Blog: The SEC, Delaware and the High Stakes for Investors on Advisory Shareholder Proposals

Sanford Lewis, Director and General Counsel
Khadija Foda, Associate Counsel
Shareholder Rights Group

SEC Chairman Paul Atkins dropped a bombshell in a keynote speech on October 9, 2025, at the Delaware-based Weinberg Center for Corporate Governance. He endorsed a novel and disruptive legal theory which could eliminate about 98% of shareholder proposals, radically altering the landscape of corporate governance in US public markets.⁠

The theory supported by Atkins posits that advisory (i.e., non-binding) shareholder proposals do not constitute “proper business” for an annual meeting under Delaware law. The vast majority of shareholder proposals submitted to US corporations are written as advisory proposals, meaning that the board retains discretion over whether and how to act on them. The policy suggested by Atkins, taken to its conclusion, could eliminate all such advisory proposals.

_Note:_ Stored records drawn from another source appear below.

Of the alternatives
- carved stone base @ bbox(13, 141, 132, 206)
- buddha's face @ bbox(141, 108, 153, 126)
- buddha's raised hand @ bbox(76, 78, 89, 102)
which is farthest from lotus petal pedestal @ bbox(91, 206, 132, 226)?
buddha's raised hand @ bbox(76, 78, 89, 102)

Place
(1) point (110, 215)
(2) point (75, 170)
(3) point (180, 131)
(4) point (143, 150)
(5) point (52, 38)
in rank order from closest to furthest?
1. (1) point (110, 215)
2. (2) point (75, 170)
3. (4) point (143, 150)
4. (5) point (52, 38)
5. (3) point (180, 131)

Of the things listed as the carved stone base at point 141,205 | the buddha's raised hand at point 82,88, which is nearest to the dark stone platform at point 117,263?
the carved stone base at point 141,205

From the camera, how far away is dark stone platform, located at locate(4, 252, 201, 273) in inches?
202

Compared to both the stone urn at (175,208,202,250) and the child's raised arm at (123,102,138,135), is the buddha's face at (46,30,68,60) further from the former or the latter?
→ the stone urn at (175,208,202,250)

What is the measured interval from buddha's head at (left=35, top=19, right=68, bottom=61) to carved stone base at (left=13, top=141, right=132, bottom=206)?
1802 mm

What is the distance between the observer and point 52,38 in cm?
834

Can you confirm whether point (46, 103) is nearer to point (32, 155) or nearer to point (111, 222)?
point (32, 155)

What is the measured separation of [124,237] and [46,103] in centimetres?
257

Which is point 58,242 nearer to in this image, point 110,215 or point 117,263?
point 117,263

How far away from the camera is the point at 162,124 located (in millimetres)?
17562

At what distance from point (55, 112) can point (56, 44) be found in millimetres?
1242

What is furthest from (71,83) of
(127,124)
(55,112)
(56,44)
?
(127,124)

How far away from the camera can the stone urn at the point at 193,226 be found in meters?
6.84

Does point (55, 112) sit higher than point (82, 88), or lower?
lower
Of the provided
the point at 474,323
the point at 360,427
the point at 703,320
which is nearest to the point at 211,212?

A group of investment organizations, including the Shareholder Rights Group, have written a letter to Chairman Atkins expressing our concerns and opposition to this policy and requesting a meeting with him to discuss. The other organizations endorsing the letter include US SIF, the Interfaith Center on Corporate Responsibility, Ceres and the AFL-CIO.

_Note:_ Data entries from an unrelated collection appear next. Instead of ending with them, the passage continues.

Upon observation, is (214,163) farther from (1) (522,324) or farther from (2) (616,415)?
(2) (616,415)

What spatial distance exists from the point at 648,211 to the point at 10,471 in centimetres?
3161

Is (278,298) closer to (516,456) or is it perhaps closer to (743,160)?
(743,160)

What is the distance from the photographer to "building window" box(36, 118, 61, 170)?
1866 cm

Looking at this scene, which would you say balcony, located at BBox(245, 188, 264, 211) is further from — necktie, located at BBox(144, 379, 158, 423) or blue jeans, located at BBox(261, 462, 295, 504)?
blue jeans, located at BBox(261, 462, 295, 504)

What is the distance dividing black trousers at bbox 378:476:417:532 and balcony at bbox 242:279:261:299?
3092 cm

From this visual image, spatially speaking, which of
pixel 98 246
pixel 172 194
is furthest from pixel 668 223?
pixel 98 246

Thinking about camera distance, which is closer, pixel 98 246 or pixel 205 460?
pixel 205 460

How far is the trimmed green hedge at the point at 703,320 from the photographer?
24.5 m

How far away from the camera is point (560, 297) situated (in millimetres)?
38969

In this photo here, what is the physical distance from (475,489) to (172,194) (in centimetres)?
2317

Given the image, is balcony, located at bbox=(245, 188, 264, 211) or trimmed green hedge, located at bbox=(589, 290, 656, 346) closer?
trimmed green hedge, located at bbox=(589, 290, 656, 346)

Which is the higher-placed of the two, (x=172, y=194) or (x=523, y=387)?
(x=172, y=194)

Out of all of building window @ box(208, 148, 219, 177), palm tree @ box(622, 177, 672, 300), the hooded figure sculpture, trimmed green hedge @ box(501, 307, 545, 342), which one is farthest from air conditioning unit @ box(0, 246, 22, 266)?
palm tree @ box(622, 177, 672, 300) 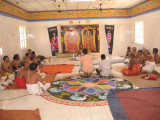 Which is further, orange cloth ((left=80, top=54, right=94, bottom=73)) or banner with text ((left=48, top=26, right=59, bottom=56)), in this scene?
banner with text ((left=48, top=26, right=59, bottom=56))

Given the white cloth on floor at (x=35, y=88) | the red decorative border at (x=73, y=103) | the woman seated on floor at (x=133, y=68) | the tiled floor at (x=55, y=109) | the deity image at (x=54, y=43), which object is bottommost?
the tiled floor at (x=55, y=109)

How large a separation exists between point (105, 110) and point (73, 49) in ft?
27.8

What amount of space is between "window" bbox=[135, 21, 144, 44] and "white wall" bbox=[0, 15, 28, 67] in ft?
24.6

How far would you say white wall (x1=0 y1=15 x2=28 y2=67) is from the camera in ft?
25.7

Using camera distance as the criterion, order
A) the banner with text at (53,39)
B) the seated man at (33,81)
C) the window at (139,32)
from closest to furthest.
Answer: the seated man at (33,81) → the window at (139,32) → the banner with text at (53,39)

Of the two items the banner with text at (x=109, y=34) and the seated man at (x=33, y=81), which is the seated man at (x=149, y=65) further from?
the banner with text at (x=109, y=34)

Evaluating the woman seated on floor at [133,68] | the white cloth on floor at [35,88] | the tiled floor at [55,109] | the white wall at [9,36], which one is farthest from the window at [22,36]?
the woman seated on floor at [133,68]

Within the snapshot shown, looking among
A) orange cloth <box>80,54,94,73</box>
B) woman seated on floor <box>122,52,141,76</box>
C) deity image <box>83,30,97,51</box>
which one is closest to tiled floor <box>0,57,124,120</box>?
orange cloth <box>80,54,94,73</box>

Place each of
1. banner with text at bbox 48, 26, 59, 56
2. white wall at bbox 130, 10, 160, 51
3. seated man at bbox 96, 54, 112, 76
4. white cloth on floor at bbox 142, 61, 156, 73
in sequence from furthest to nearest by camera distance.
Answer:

Curtailing shareholders’ ability to raise concerns with the companies they own through the proposal process would strike at the heart of the SEC’s investor-protection mandate and its broader goal of sustaining fair and efficient markets and facilitating capital formation. The public capital system rests on a simple exchange: corporations benefit from investor capital and, in return, investors can express their perspectives on governance and risk. That participatory right has been a defining feature of American corporate practice and should not be discarded or weakened.